Feature Engineering secrets
Some say that feature engineering is a thing of the past, since we’ve made the transition to deep learning and GPUs.
I don’t believe that’s true at all for a few reasons:
- Relevant expert knowledge and better data ALWAYS win over more compute/model complexity
- KISS as a fundamental first principle for pretty muche all things in engineering (and Life ? 🤔)
- Cost of ownership: you need to think about inference cost/speed, maintenance and evolutivity. You’ll find more people that can edit a sklearn tree-based model than it is the case for a custom neural net written in an ancient version of Pytorch.

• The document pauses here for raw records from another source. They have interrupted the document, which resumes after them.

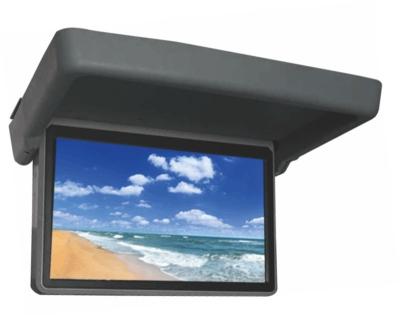 China 18.5 Inch Price Crown Semi-outdoor LED TV Advertising Screen TV for sale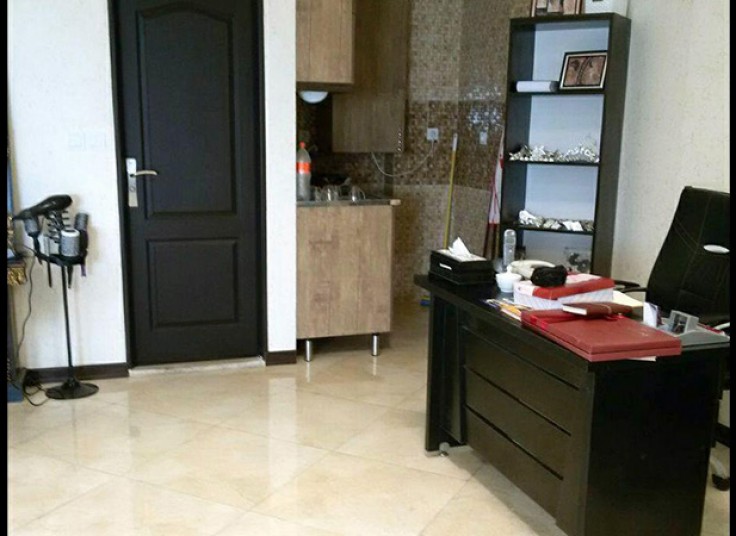 سالن زیبایی عسل بانو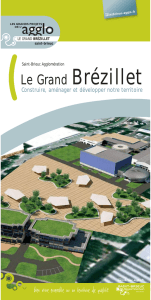 Le Grand Brézillet - Saint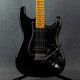 Fender American Special Stratocaster HSS - Black - 2nd Hand Fender American Special Stratocaster HSS - Black - 2nd Hand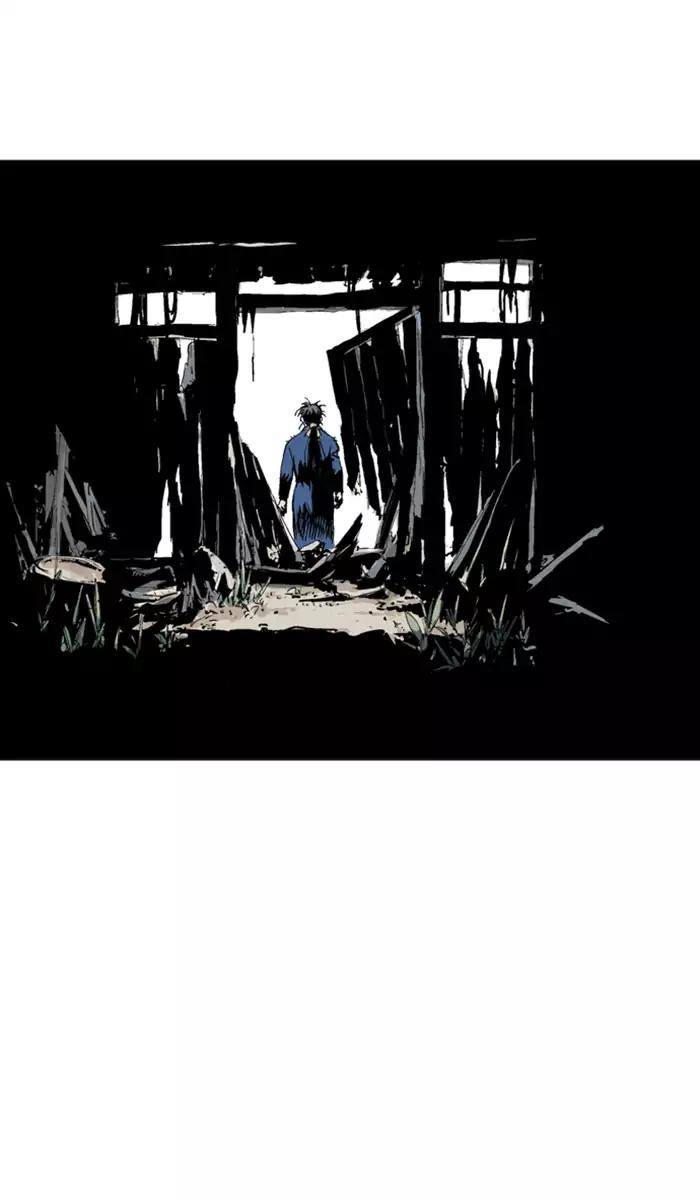 Baca Gosu - Chapter 105 halaman 6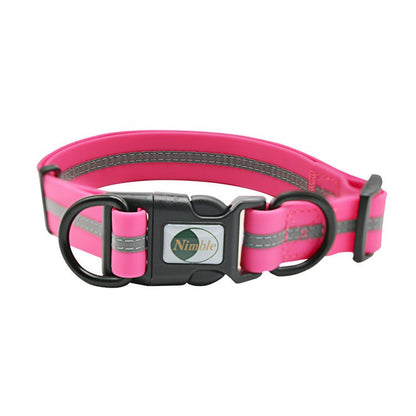Night Reflective Dog Harness for Pets - Kool Pet Essentials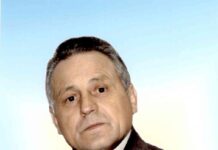 Medicul veterinar Ştefan Dinu din Caracal a murit!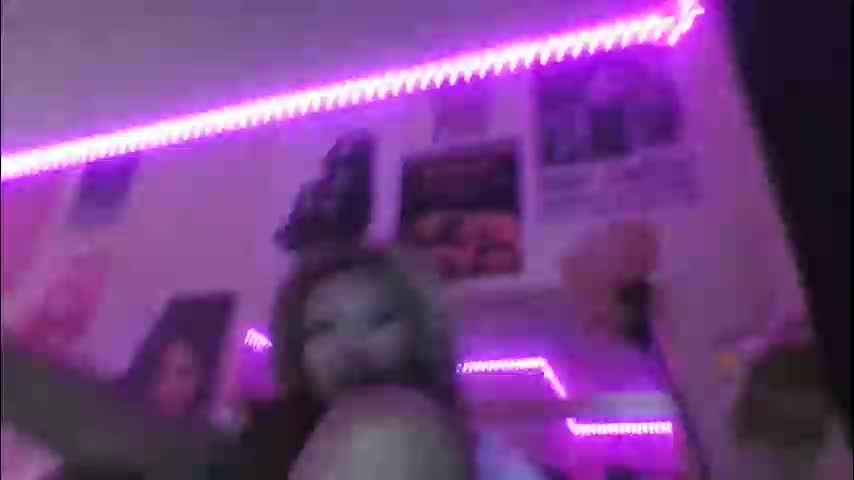 venusthestar Adult Chat March 29, 2026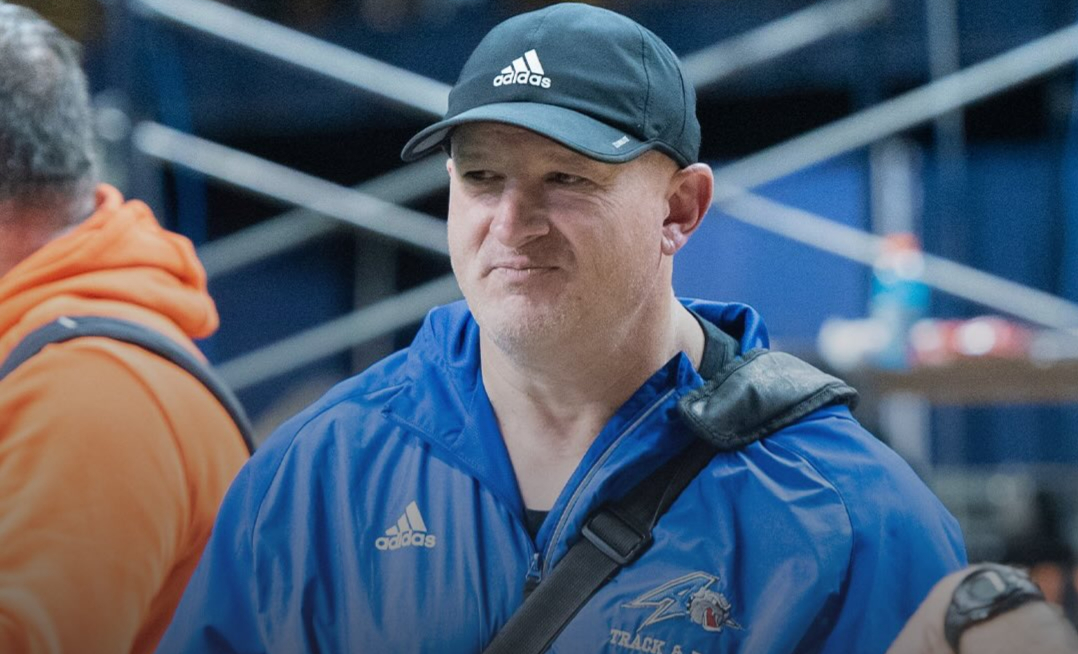 UNC Asheville Mourns the Loss of Head Track Coach Joel Williams
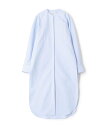 【SALE/40%OFF】DES PRES ハイカウントピケ ブザムシャツワンピース トゥモローランド ワンピース・ドレス シャツワンピース ホワイト ブラック...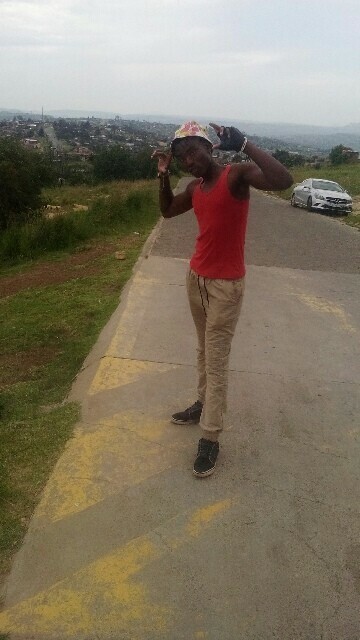 #hope, 30 Vereeniging, Gauteng, South Africa
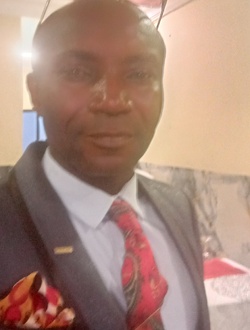 Profil de Le Superlatif, un homme célibataire de 52 ans à Brazzaville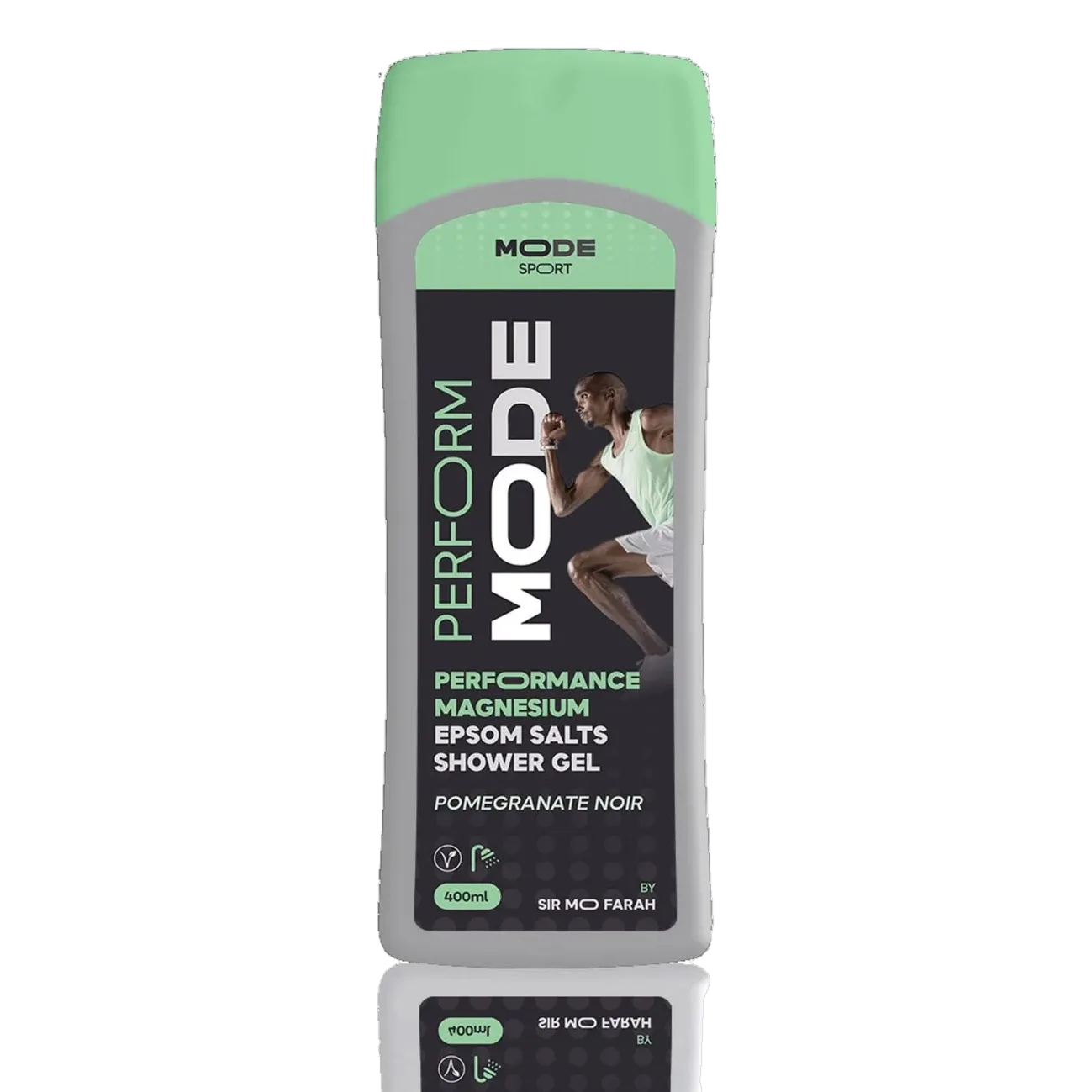 MODE Perform Shower Gel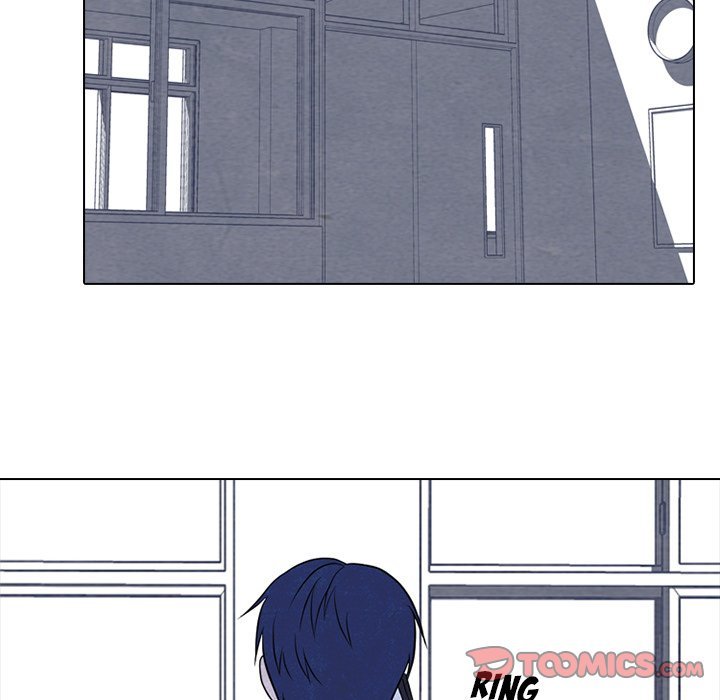 High School Devil Manhwa - Chapter 121 Page 73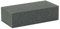 Wüsthof J80 Anreib-/Reparaturstein J 80, Edelstahl, schwarz, 14 x 5.3 x 5.9 cm, TR4454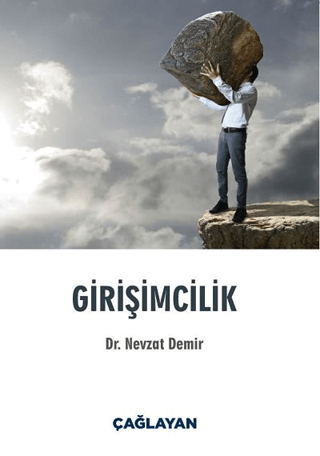 Girişimcilik Nevzat Demir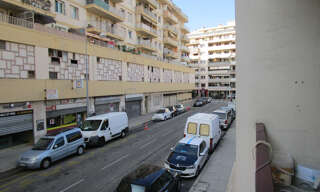 Appartement 2 Pièces 51 m² à vendre à Nice (06200)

- You just don’t use ☢️ the nuclear option ☢️ when you can keep things simple, easy, nice and cheap. Except for unstructured data (image, video, text), you can do really well with regular ML methods. Proportionate response.
Some wise man once articulated one of the best data science career advice ever:
“When you have a problem, build two solutions: a deep Bayesian transformer running on multicloud Kubernetes and a SQL query built on a stack of egregiously oversimplifying assumptions. Put one on your resume, the other in production. Everyone goes home happy.”
That’s why I’m always looking for and tricks. Check out these cool feature engineering hacks:
- Target encoding, instead of one-hot encoding (careful with leakage)
- The hashing trick instead of learned embeddings, I wrote about it here
- Cyclical variable encoding, a great way of encoding time variables to be used with classic ML methods that don’t treat data point sequentially (RNNs, time series models).